序盤は、ストライプのライニングがあらわになった、インサイドアウトのテーラードジャケットや、ボタンが徐々にずれていくワイシャツ、ウエストをあえて折り返して裏地を見せたタイトスカートなど、フォーマルな印象の強い服のディテールをずらしたアイテムが目立つ。
その後、ショーの曲調が変わるとともに肌見せのフェミニンなスタイルが次々と登場した。サテンのスリップドレスやシースルーのレース刺繍のシャツ、前シーズンでも人気を博した大胆なカッティングを施したレースのレギンスなど繊細な素材を駆使して、より全面にセンシュアルさを打ち出した。
アクセサリーは、サステナビリティへの取り組みを継続して行うことで知られるフィンランドのジュエリーブランド「Kalevala(カレワラ)」のもの。
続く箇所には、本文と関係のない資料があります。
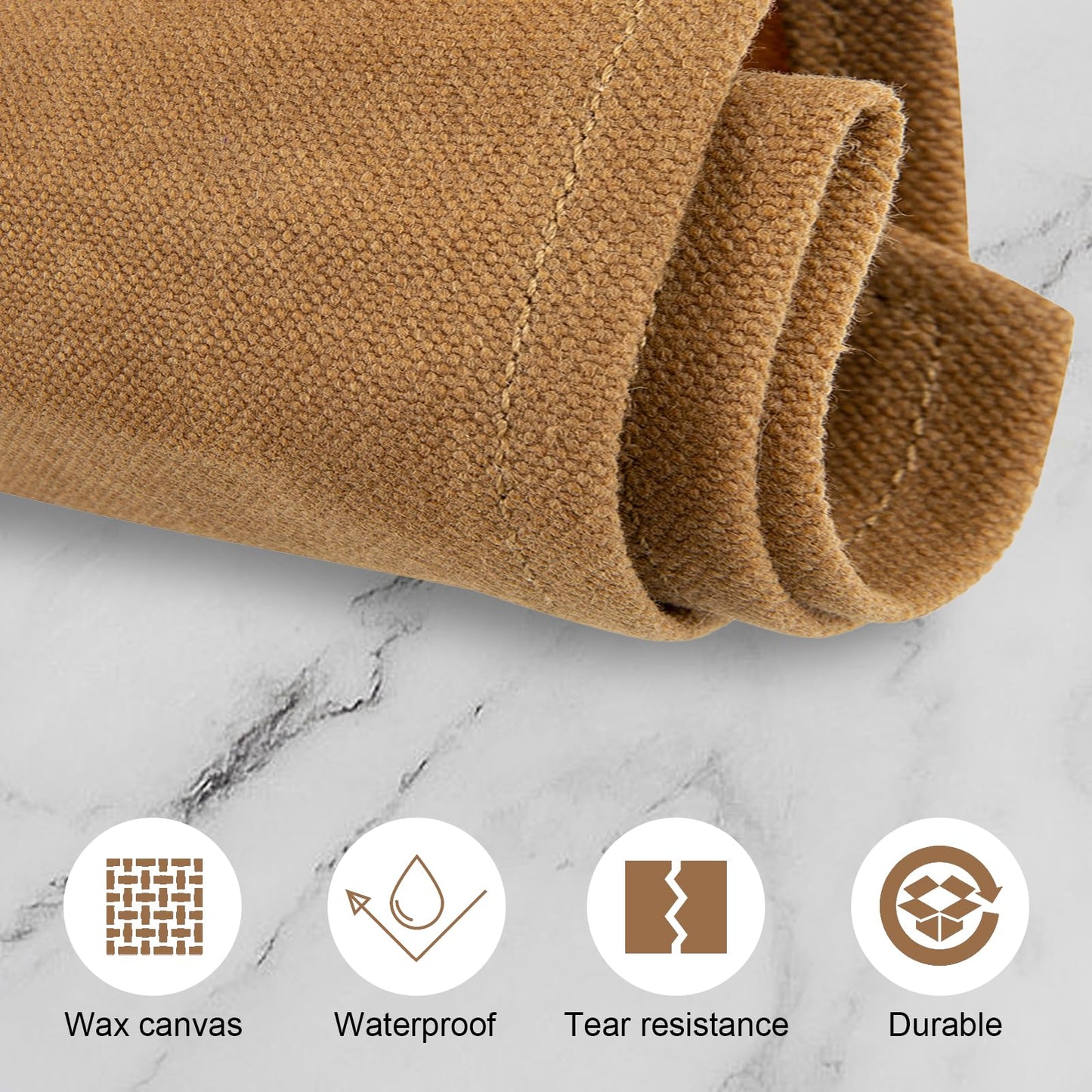Knife Roll,Waxed Canvas Knife Bag,Heavy Duty Knife Case,Chef Knife Bag Roll with 8 Slots for Knives and Kitchen Tools,Knife Roll Bag For Chefs Culinary Traveling,Knives Pouch Holder Wrap (Khaki)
同ブランドのアーカイブアクセサリーを用いたスタイリングが目を引いた。
カラーパレットは白、黒、グレーで統一。青色に見えるレースシャツは実はホワイトで、線が太く、硬いポリエステルのレース生地を使用することで、光を反射しやすく青色に見えるのだと、デザイナーの青木さんが教えてくれた。この「錯覚のブルー」が、モノクロームの世界にアクセントを加えていた。また、ワンピースやシャツに施された花柄とストライプ柄は、昇華転写プリントによるオリジナルテキスタイル。ぼやけて歪んだこの柄は、服自体の歪みと共鳴してユニークな視覚効果をもたらす。
胸元や腰元の丸みを優雅に描き出したシャツやワンピースは、平置きの状態では非常に平面的だが、着ることで美しいギャザーが入るよう設計されている。デザイナーが今季初挑戦したパターンだというアイテムは、スリーブも同様に、平面では半円状を描く形状で、袖を通すとギャザーが現れる。
ショーの後に行われた囲み取材では「女性の体を美しく見せるという点で正当なドレーピングではない。歪んでいて正しくないことを受け入れられる女性の穏やかさや優しさの部分を見せたかった」と語っていた。
ラストルックには全てを覆い隠すようにシックなドレスコートが登場。このコレクションを通じて語られたのは、社会的記号からの少しの逸脱と解放、そして再び前進する女性の姿だった。フォーマルな服がはだけてゆくことで心も徐々にあらわになり、秘めていた内面と向き合う。それでも最後はコートを羽織り、再び社会で歩を進める。そんな女性の強さを描く、AKIKOAOKIらしいストーリー性は今季も健在だ。